§ **Exercise prompt**:
Scan the entries for the word "adapter". Every line that has it should be copied.

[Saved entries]
┏━━
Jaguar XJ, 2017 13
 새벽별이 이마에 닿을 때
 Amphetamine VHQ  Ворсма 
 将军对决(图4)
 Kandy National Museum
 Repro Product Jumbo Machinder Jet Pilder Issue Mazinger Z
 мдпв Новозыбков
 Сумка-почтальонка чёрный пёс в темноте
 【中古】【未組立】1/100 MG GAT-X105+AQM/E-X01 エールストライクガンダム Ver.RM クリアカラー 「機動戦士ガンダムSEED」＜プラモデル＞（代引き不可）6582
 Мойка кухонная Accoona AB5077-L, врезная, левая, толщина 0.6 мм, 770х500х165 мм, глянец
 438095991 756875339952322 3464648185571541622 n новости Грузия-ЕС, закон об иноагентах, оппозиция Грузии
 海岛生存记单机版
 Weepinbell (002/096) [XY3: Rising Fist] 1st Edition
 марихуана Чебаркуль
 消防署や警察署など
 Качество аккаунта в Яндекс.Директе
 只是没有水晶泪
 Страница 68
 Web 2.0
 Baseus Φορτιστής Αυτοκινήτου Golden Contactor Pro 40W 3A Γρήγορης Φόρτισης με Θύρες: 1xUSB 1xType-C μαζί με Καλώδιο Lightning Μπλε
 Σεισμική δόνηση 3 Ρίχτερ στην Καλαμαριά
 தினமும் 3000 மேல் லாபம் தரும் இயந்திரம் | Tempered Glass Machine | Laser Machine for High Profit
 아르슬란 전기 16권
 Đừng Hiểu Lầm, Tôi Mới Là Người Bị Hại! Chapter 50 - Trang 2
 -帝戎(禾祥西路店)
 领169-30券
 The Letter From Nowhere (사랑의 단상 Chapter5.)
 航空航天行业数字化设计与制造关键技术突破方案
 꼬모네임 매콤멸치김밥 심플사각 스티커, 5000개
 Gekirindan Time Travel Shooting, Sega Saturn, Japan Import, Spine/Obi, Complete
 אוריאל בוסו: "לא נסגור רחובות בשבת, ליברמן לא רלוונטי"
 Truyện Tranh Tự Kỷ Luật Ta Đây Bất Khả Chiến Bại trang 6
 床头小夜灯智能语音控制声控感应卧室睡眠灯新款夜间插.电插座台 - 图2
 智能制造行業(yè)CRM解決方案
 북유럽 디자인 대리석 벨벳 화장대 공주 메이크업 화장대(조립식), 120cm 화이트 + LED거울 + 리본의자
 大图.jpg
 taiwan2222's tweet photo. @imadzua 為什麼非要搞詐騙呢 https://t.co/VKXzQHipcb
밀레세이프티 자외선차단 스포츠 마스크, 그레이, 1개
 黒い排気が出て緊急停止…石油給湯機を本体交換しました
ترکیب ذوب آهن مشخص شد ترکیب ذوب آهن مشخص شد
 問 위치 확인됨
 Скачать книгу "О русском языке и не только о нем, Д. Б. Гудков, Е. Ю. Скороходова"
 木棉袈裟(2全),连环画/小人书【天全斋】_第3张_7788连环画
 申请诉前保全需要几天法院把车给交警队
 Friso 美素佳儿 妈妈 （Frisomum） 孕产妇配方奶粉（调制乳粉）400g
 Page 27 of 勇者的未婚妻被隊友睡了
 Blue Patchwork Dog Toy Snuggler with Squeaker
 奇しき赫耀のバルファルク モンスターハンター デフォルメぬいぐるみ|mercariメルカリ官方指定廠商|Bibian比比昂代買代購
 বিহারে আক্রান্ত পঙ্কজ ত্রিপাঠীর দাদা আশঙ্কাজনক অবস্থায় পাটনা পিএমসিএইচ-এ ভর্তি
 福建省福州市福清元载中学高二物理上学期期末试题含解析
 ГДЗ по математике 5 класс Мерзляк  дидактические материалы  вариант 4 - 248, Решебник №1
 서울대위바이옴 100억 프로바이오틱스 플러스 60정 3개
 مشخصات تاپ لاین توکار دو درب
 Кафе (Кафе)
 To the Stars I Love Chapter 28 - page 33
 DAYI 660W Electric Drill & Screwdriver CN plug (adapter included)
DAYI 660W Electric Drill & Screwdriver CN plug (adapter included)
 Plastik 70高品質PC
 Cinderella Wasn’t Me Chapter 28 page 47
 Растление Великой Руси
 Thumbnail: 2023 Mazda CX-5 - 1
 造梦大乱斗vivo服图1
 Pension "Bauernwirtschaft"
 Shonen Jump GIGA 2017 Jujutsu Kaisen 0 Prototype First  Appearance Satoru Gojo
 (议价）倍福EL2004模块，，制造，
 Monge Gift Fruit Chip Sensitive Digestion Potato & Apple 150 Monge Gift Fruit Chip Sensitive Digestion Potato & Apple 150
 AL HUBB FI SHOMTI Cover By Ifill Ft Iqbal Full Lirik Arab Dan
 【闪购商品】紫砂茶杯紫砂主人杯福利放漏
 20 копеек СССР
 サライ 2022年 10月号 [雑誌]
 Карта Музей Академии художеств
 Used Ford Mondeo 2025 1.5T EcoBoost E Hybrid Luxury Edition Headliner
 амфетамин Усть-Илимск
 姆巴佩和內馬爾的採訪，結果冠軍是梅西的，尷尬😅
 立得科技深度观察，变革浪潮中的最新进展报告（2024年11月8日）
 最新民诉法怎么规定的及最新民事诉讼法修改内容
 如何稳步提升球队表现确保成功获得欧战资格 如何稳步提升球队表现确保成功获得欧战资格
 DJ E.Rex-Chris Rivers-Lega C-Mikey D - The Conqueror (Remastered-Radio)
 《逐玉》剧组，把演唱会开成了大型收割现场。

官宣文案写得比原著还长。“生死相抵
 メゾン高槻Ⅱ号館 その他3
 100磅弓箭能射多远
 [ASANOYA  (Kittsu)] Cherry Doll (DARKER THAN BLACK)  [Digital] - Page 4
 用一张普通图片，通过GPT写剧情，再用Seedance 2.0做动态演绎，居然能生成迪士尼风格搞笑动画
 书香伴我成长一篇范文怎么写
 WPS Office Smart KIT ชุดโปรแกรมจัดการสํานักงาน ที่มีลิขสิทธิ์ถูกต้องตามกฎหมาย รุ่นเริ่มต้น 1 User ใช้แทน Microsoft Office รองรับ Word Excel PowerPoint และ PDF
┗━━
§ **Reply**:
 DAYI 660W Electric Drill & Screwdriver CN plug (adapter included)
DAYI 660W Electric Drill & Screwdriver CN plug (adapter included)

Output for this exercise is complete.